Suriye İç Savaşı 2011 yılında başladı, biz de anlamlandıramadığım (!) bir şekilde kapılarımızı savaştan kaçanlara, plansız...

Suriye İç Savaşı 2011 yılında başladı, biz de anlamlandıramadığım (!) bir şekilde kapılarımızı savaştan kaçanlara, plansız programsız sonuna kadar açtık.

Avrupa “bana gelmesinler, para verelim sizde kalsınlar” dedi, biz de Kabul ettik. Binlerce sığınmacı Akdeniz de boğuldu gitti, yollarda öldü, küçücük çocukların casız bedenleri kıyılara vurdu.

Sonra ABD Afganistan’ı terk etti, oradan da bonus sığınmacılar geldi.

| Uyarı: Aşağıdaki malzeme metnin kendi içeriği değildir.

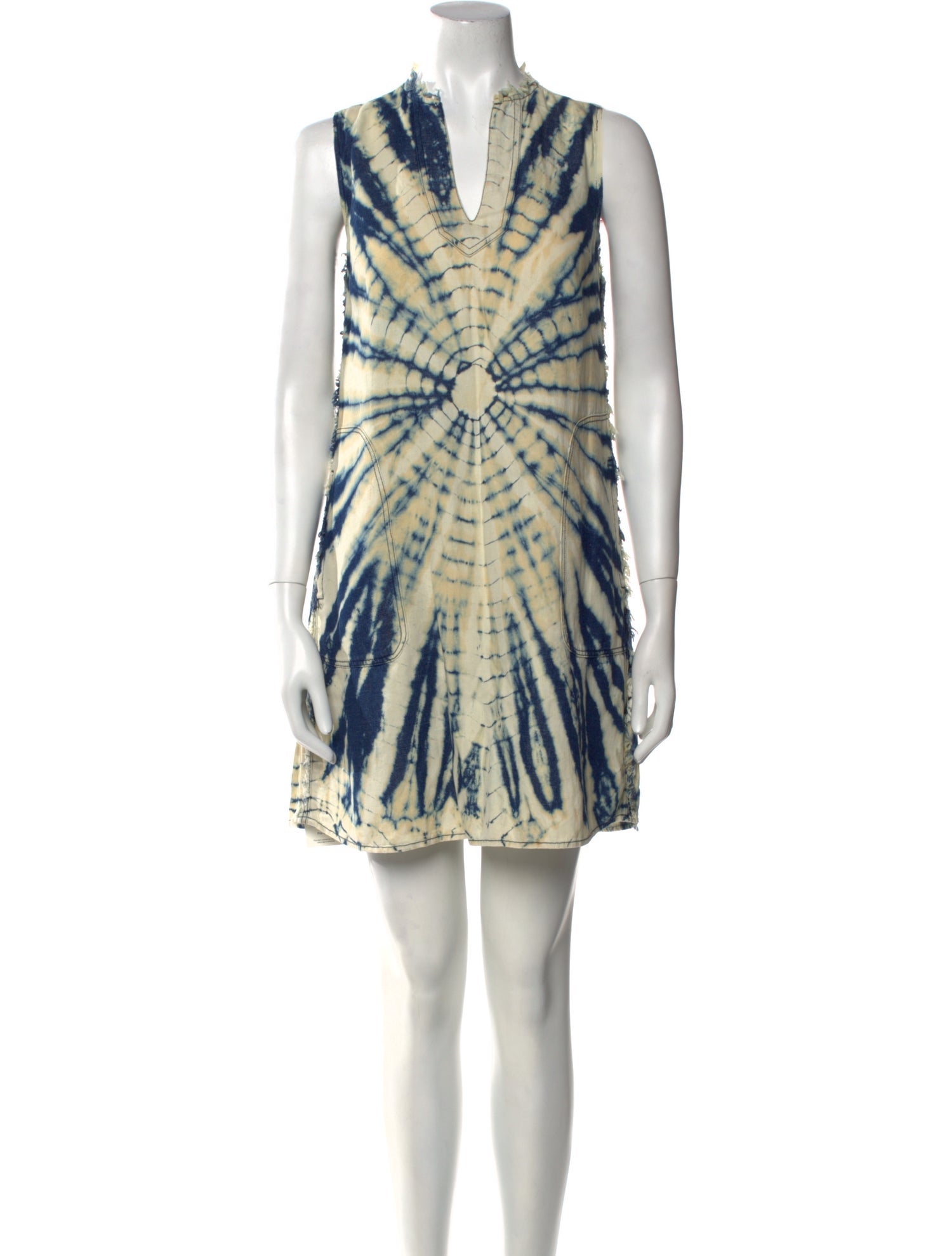 Raquel Allegra Printed Mini Dress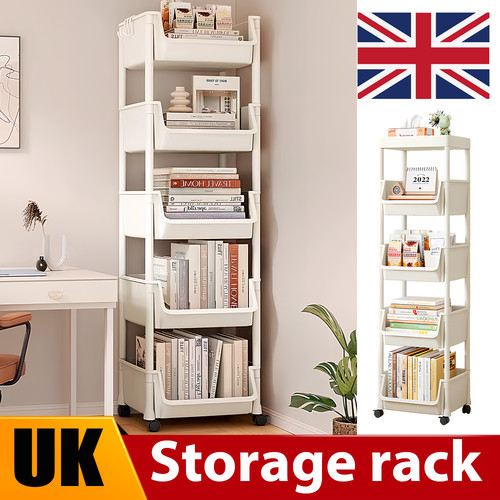Tiers storage trolley cart - 5,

Nedense, Müslüman ülkelerdeki iç savaşlardan, karışıklıklardan kaçıp Batıya sığınmak isteyenler bize geldi.

Kesin rakamın bilinmemesine rağmen 5 ila 10 milyon arasında mülteci olduğuna dair rakamlar havada uçuşuyor. Toplam nüfusun neredeyse %10’u gibi bir insan grubunun girişinin altından kalkılınması oldukça güç sosyal ve ekonomik sonuçlar yaratması beklenmiş olmalıdır.

Mülteci konusunda yapılmış olması gereken plan ve programların “şu kadar harcadık daha da harcarız”ın ötesinde sosyolojik, ekonomik ve kültürel konuları içerecek şekilde hazırlanmış olması gerekirdi veya geleceğe yönelik olarak da hazırlanması gerekir.

Sosyal ve kültürel sorunlara (mesela mültecilerin dünyaya bakış açıları, kurallara yaklaşımları vs) girmeden bazı ekonomik sorunlar diğer şeyler sabit diyerek şöyle özetlenebilir:

İstihdam Sorunları: Milyonlarca insan bir şekilde çalışıp geçimini temin etmek zorunda olduklarından emeklerini arz edeceklerdi ve ettiler de. Yani iş gücü arz eğrisi sağa kaydırdılar ve süreç ücretler üzerinde aşağı doğru bir baskı oluşturmuştur.

İstihdam konusunun yarattığı ikinci problem ise göçün yerli işsizliğe olan katkısıdır. Özellikle sigortasız ve düşük ücretli işlerde çalıştırılmaları nedeniyle düşük ücretli emek arzında bulunan gruplarda işsizlik oranlarını artıcı yönde katkı yaptıklarını söylemek yanlış olmayacaktır.

Kayıt dışı çalıştırılmaları yüzünden de vergi kaybı ve sigorta prim kaybından da bahsetmek yerinde olacaktır. Vergi kaybının sonuçlarını biliyoruz. Prim kaybının sonucu ise SGK’nın finansman sorunlarının ağırlaşmasını işaret etmektedir.

Talep Sorunu: Ekonomiye Giriş ders kitaplarının ilk konularında anlatıldığı üzere

nüfustaki bir artış talep eğrisinin sağa kaymasını getirir. Arz eğrisinin kaymadığı (veya az kaydığı) durumda, nüfustaki bu artış piyasadaki fiyatların artışını ve ardından da enflasyonu tetiklemesini beklemek normaldir.

Kişi Başı Gelir Sorunu: Göçmenlerin hayatlarını kazanmak için çalıştıkları ve tükettikleri düşünülürseGayri Safi Milli Hasıla’ya da katkı yaptıkları açıktır. Ancak kişi başı gelirin hesaplanmasında bir sorun ortaya çıkmaktadır. TÜİK tarafından ilan edilen kişi başına gelir rakamlarında, göçmenlerin GSYH’ya katkıları dikkate alınırken, bölüşüm konusunda dikkate alınmamalarıdır. Dolayısıyla kişi başına milli gelir rakamlarının olduğundan yüksek çıkıyor olmasıdır.

Sonuç olarak mülteci sorunu ekonomik ilişkileri ve yapıları derinden etkilemiştir ve etkileyecektir. Dolayısıyla konunun son derece kapsamlı, çok katmanlı bir sorun olarak ele alınması şarttır. Aksi halde toplumsal ve ekonomik faturasının çok fazla olacağı dikkate alınmalıdır.